Traceback (most recent call last):
  File "src/main_sparse.py", line 437, in <module>
    average_auc, average_f1, average_pr = train_model(training_data_by_type)
  File "src/main_sparse.py", line 401, in train_model
    num_workers,
  File "/data/shpx/notebooks/yusang/GATNE/src/utils.py", line 320, in evaluate
    ps, rs, _ = precision_recall_curve(y_true, y_scores)
  File "/home/yusang/miniconda3/envs/dev/lib/python3.7/site-packages/sklearn/utils/validation.py", line 72, in inner_f
    return f(**kwargs)
  File "/home/yusang/miniconda3/envs/dev/lib/python3.7/site-packages/sklearn/metrics/_ranking.py", line 677, in precision_recall_curve
    sample_weight=sample_weight)
  File "/home/yusang/miniconda3/envs/dev/lib/python3.7/site-packages/sklearn/metrics/_ranking.py", line 545, in _binary_clf_curve
    assert_all_finite(y_score)
  File "/home/yusang/miniconda3/envs/dev/lib/python3.7/site-packages/sklearn/utils/validation.py", line 72, in inner_f
    return f(**kwargs)
  File "/home/yusang/miniconda3/envs/dev/lib/python3.7/site-packages/sklearn/utils/validation.py", line 117, in assert_all_finite
    _assert_all_finite(X.data if sp.issparse(X) else X, allow_nan)
  File "/home/yusang/miniconda3/envs/dev/lib/python3.7/site-packages/sklearn/utils/validation.py", line 99, in _assert_all_finite
    msg_dtype if msg_dtype is not None else X.dtype)
ValueError: Input contains NaN, infinity or a value too large for dtype('float32').

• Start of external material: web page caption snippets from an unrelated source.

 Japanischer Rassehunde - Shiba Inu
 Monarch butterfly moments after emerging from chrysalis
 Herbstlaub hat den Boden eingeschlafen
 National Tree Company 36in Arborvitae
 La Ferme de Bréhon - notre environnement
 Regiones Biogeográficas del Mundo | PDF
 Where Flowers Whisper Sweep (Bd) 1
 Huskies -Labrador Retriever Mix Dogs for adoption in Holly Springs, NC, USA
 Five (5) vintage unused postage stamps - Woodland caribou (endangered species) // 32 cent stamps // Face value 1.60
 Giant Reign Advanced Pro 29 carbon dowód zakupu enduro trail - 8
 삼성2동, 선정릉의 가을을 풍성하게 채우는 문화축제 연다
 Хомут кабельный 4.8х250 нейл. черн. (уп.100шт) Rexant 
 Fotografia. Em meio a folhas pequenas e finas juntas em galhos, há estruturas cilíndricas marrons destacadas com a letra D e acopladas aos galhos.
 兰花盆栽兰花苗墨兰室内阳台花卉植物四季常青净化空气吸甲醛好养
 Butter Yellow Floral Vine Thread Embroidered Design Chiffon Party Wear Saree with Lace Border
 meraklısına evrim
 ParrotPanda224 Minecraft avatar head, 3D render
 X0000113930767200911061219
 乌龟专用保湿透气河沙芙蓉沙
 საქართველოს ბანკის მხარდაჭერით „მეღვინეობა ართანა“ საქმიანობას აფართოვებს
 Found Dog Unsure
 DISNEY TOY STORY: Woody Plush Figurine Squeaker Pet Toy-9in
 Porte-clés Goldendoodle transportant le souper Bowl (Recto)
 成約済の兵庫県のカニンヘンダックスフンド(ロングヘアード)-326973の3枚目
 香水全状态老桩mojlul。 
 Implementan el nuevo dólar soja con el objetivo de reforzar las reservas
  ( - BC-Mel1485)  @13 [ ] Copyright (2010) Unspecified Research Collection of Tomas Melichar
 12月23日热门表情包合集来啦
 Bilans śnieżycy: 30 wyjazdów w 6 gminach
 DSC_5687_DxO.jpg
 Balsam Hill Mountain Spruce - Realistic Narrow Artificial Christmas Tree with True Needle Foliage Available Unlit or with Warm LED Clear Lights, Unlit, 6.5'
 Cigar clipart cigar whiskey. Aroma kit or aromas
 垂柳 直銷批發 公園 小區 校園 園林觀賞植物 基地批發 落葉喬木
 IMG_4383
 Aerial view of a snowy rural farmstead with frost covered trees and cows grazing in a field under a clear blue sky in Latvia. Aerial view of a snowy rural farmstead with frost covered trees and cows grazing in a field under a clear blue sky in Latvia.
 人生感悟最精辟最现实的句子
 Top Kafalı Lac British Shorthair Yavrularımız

Besides, I have tried the pytorch nightly, it support sparse. But I alse encountered the error:

Traceback (most recent call last):
 File "src/main_sparse.py", line 437, in <module>
   average_auc, average_f1, average_pr = train_model(training_data_by_type)
 File "src/main_sparse.py", line 343, in train_model
   scaler.step(sparse_optimizer)
 File "/home/yusang/miniconda3/envs/dev/lib/python3.7/site-packages/torch/cuda/amp/grad_scaler.py", line 306, in step
   assert len(optimizer_state["found_inf_per_device"]) > 0, "No inf checks were recorded for this optimizer."
AssertionError: No inf checks were recorded for this optimizer.

Is there a way to use amp with the sparse optimizer?

I would recommend to stick to the nightly for now.
The error message indicates, that the sparse_optimizer doesn’t contain any parameters which have scaled gradients. The same error would be raised in this small code example:

model = nn.Linear(8, 8).cuda()
x = torch.randn(1, 8).cuda()
optimizer = torch.optim.SGD(model.parameters(), lr=1e-3)
optimizer_unused = torch.optim.SGD([nn.Parameter(torch.randn(1))], lr=1.)
scaler = torch.cuda.amp.GradScaler()

with torch.cuda.amp.autocast():
    out = model(x)
    loss = out.mean()
    scaler.scale(loss).backward()
    scaler.step(optimizer) # works
    scaler.step(optimizer_unused) # your error

Do you mean that I can modify my code as follows?

        with autocast():
               embs = model(block[0].to(device))[head_invmap]
               embs = embs.gather(
                    1,
                    block_types.view(-1, 1, 1).expand(embs.shape[0], 1, embs.shape[2]),
              )[:, 0]
              loss = nsloss(
                    block[0].dstdata[dgl.NID][head_invmap].to(device),
                    embs,
                    tails.to(device),
             )
            scaler.scale(loss).backward()
            scaler.step(optimizer)
            # although the paramaters don't contain any scaled paramaters. I still need to optimize it.
            sparse_optimizer.step()
            scaler.update()

I think your sparse_optimizer contains parameters which were never used in the “amp forward pass”.
If you can verify that that’s the expected case, you should be able to call sparse_optimizer.step() directly without using the GradScaler object.